--- START ---

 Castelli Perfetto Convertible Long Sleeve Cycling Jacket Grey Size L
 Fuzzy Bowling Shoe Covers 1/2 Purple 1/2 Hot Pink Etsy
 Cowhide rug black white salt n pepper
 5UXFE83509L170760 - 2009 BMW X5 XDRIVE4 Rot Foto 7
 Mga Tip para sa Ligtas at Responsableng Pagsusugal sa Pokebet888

--- END ---
--- START ---

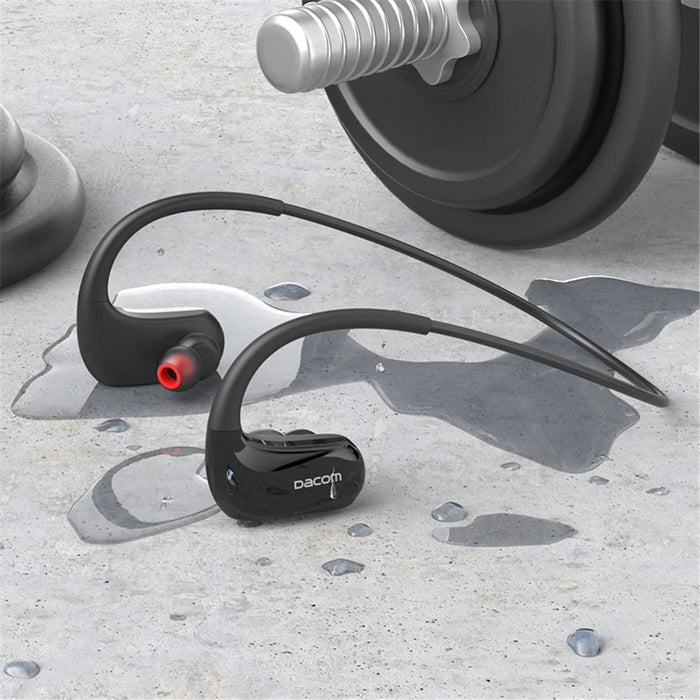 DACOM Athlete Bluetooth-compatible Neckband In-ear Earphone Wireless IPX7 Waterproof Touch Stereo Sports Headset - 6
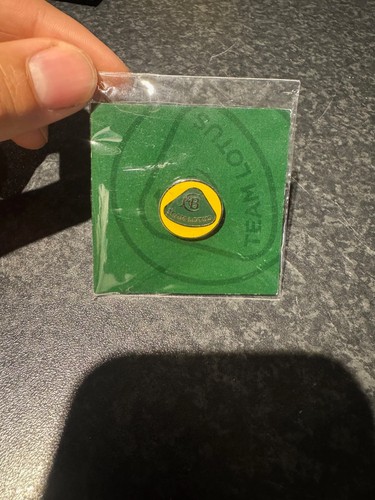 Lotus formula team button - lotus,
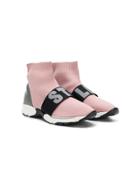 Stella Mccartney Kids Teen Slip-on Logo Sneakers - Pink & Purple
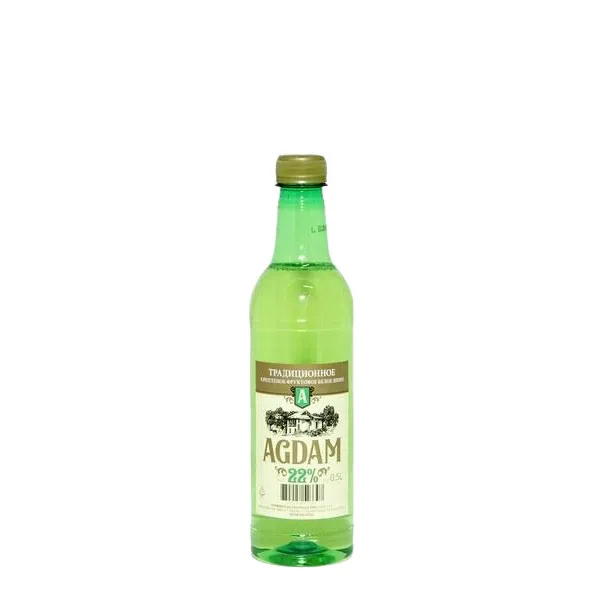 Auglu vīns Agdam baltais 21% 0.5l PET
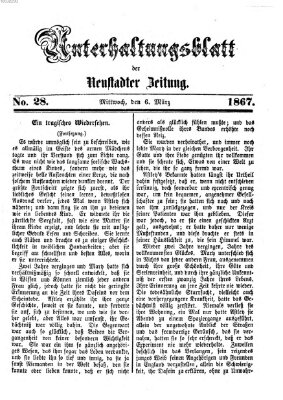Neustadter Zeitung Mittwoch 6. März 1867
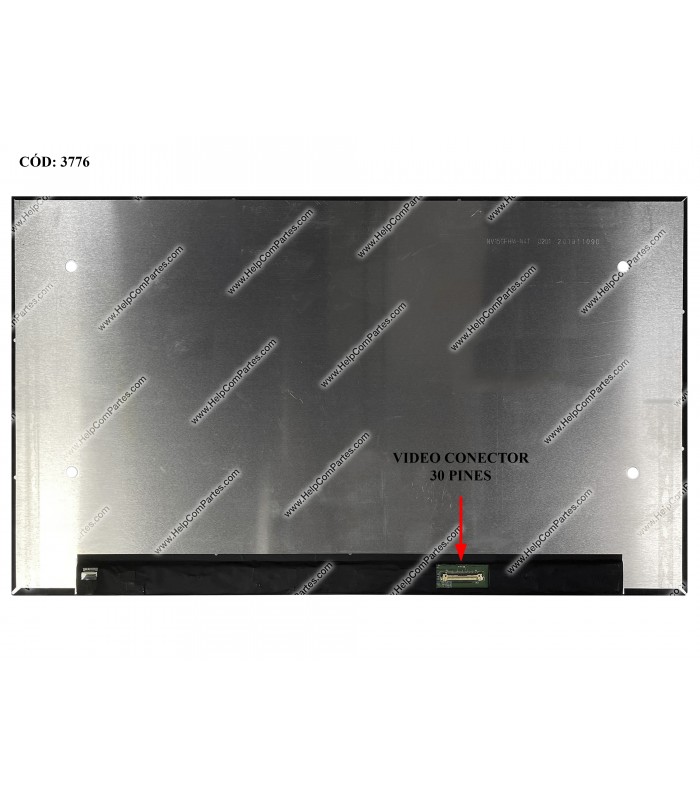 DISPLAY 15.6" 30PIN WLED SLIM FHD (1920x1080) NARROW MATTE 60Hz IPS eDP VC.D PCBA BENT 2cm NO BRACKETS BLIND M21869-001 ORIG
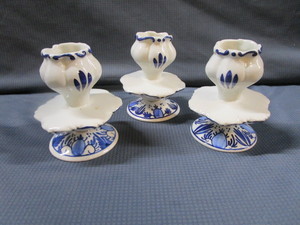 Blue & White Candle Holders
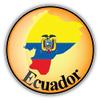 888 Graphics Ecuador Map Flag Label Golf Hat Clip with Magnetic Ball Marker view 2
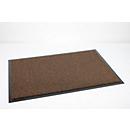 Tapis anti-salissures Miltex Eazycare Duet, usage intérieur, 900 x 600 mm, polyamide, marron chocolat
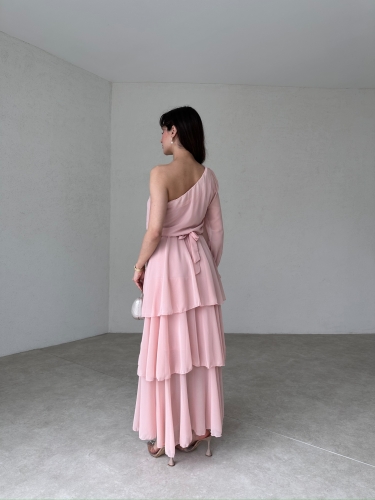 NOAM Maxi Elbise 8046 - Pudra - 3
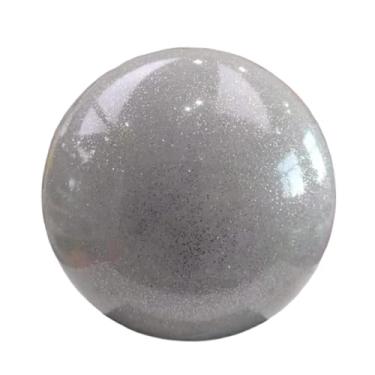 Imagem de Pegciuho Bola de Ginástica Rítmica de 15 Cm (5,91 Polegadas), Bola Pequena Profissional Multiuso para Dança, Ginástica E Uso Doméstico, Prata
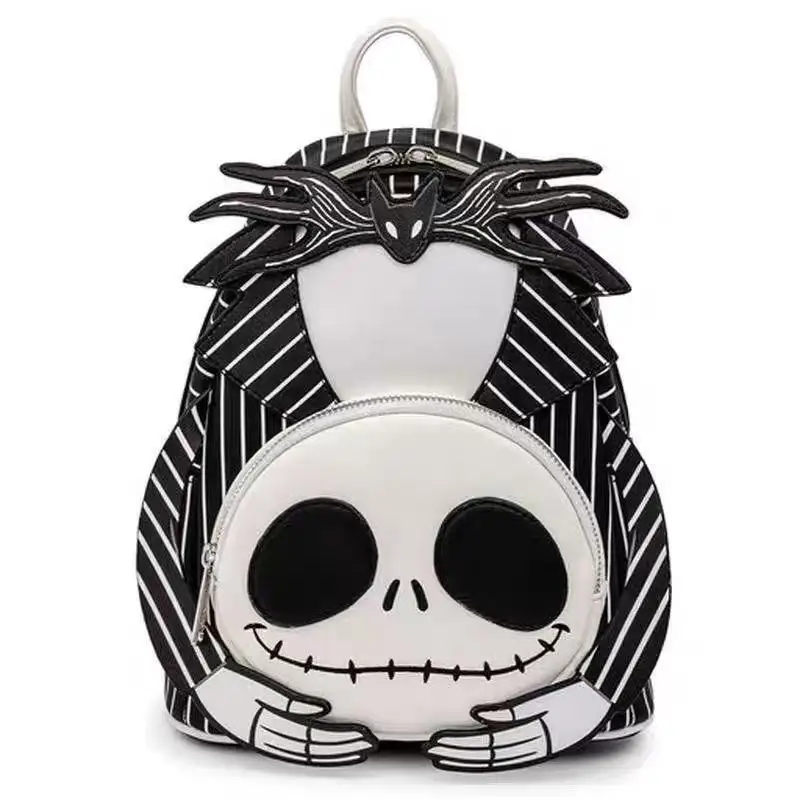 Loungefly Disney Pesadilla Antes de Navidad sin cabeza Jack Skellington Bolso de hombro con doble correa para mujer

--- END ---
--- START ---

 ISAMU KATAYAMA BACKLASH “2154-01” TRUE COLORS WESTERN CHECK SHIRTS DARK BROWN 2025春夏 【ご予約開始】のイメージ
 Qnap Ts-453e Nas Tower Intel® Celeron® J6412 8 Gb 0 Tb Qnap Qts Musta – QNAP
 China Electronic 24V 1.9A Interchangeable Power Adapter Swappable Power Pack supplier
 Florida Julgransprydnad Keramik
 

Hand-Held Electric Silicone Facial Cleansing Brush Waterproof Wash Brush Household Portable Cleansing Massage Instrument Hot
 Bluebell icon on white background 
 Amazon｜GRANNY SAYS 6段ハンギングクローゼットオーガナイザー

--- END ---

What needs to be done -> Working from the entries above, please transcribe only the lines from the line with "Imagem de Pegciuho" through the line with "Loungefly Disney Pesadilla", exactly, with both end lines and without pictures.

Written solution ->
 Imagem de Pegciuho Bola de Ginástica Rítmica de 15 Cm (5,91 Polegadas), Bola Pequena Profissional Multiuso para Dança, Ginástica E Uso Doméstico, Prata
 Loungefly Disney Pesadilla Antes de Navidad sin cabeza Jack Skellington Bolso de hombro con doble correa para mujer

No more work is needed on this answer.